BRIEF DESCRIPTION OF THE DRAWINGS

An exemplary embodiment of the present invention is shown schematically in the drawing.

FIG. 1 shows a distributed speech synthesis system.

DETAILED DESCRIPTION OF EXEMPLARY EMBODIMENTS

FIG. 1 shows a distributed speech synthesis system 1. The system 1 comprises a mobile terminal 2 suitable for receiving speech from a user 3 and to output speech signals to the user 3. The terminal 2 is connected via a communications connection 4 to a server 5. The communications connection 4 comprises a first link 6 connecting the terminal 2 to a network 7 and a second link 8 between the network 7 and the server 5. The terminal 2 prompts the user 3 to input a command. For recognizing the command, the terminal 2 may comprises a speech recognition unit. However, the speech recognition may also be implemented as distributed speech recognition system with parts of the speech recognition system implemented in the terminal 2 and parts implemented in the server 5. Once the user input has been recognized, the server 5 determines, which text message is to be output by the speaker 9 of the terminal 2. In the terminal 2 a cache memory 10 is provided, which stores a limited number of speech segments. The speech segments are associated with an index. An index list 11 is also provided in the terminal 2, allowing access to the speech segments stored in the cache 10. A copy 12 of the index list 11 is kept in the server 5. Hence, the server 5 first determines which speech segments are needed in order to compose the speech message representing the text to be output by the terminal 2. Then it determines in selecting means 13, which speech segments are already stored in the cache memory 10 and which ones need to be transferred to the cache 10 in order to enable the speech message to be composed in the terminal 2. The missing segments are selected from a database 14 by means of a second index list 15 and are indexed by indexing means 16. The indexed segments are being sent to the terminal 2 via communications connection 4 together with or followed by an updated index list and an index sequence. The new segments are stored in the cache memory 10. Then the speech signal is concatenated by means 17 for concatenating the speech segments according to the transmitted index sequence. The concatenated speech signal is post-processed in a post-processing means 18 and output via the speaker 9.
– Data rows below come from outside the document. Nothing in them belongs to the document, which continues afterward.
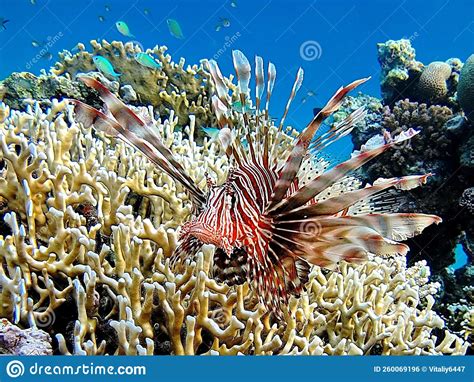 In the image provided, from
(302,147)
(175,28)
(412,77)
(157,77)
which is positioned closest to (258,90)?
(302,147)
In a method of generating speech from text the speech segments necessary to put together the text to be output as speech by a terminal 2 is determined; it is checked, which speech segments are already present in the terminal 2 and which ones need to be transmitted from a server 5 to the terminal 2; the segments to be transmitted to the terminal 2 are indexed; the speech segments and the indices of segments to be output at the terminal 2 are transmitted; an index sequence of speech segments to be put together to form the speech to be output is transmitted; and the segments are concatenated according to the index sequence. This method allows to realize a distributed speech synthesis system 1 requiring only a low transmission capacity, a small memory and low computational power in the terminal 2.